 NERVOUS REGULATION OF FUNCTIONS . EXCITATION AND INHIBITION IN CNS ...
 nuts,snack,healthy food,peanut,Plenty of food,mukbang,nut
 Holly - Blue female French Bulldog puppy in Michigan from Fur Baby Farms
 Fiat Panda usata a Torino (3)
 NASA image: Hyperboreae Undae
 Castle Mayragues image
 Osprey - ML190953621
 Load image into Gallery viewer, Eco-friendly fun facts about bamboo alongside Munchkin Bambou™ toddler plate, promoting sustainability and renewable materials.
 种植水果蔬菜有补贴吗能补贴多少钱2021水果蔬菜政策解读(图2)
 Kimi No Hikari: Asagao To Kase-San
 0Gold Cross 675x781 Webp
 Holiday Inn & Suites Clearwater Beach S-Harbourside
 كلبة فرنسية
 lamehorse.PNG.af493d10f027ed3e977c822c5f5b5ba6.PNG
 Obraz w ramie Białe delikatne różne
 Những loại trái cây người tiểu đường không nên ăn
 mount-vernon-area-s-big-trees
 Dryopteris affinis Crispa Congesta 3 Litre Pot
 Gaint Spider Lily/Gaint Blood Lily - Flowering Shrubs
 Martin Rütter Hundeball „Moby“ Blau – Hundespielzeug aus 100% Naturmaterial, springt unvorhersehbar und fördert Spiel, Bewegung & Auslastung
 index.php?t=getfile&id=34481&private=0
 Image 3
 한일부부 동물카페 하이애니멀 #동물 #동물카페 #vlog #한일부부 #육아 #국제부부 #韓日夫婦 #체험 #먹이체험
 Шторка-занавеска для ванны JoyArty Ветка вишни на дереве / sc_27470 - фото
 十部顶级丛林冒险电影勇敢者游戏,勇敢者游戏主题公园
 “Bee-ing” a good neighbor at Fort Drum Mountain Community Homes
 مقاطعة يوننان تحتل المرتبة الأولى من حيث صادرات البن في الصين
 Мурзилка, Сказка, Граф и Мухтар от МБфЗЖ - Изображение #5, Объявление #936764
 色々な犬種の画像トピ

::::::

**Your assignment**
The expected answer is the complete material, restated exactly.

**Task answer**
 NERVOUS REGULATION OF FUNCTIONS . EXCITATION AND INHIBITION IN CNS ...
 nuts,snack,healthy food,peanut,Plenty of food,mukbang,nut
 Holly - Blue female French Bulldog puppy in Michigan from Fur Baby Farms
 Fiat Panda usata a Torino (3)
 NASA image: Hyperboreae Undae
 Castle Mayragues image
 Osprey - ML190953621
 Load image into Gallery viewer, Eco-friendly fun facts about bamboo alongside Munchkin Bambou™ toddler plate, promoting sustainability and renewable materials.
 种植水果蔬菜有补贴吗能补贴多少钱2021水果蔬菜政策解读(图2)
 Kimi No Hikari: Asagao To Kase-San
 0Gold Cross 675x781 Webp
 Holiday Inn & Suites Clearwater Beach S-Harbourside
 كلبة فرنسية
 lamehorse.PNG.af493d10f027ed3e977c822c5f5b5ba6.PNG
 Obraz w ramie Białe delikatne różne
 Những loại trái cây người tiểu đường không nên ăn
 mount-vernon-area-s-big-trees
 Dryopteris affinis Crispa Congesta 3 Litre Pot
 Gaint Spider Lily/Gaint Blood Lily - Flowering Shrubs
 Martin Rütter Hundeball „Moby“ Blau – Hundespielzeug aus 100% Naturmaterial, springt unvorhersehbar und fördert Spiel, Bewegung & Auslastung
 index.php?t=getfile&id=34481&private=0
 Image 3
 한일부부 동물카페 하이애니멀 #동물 #동물카페 #vlog #한일부부 #육아 #국제부부 #韓日夫婦 #체험 #먹이체험
 Шторка-занавеска для ванны JoyArty Ветка вишни на дереве / sc_27470 - фото
 十部顶级丛林冒险电影勇敢者游戏,勇敢者游戏主题公园
 “Bee-ing” a good neighbor at Fort Drum Mountain Community Homes
 مقاطعة يوننان تحتل المرتبة الأولى من حيث صادرات البن في الصين
 Мурзилка, Сказка, Граф и Мухтар от МБфЗЖ - Изображение #5, Объявление #936764
 色々な犬種の画像トピ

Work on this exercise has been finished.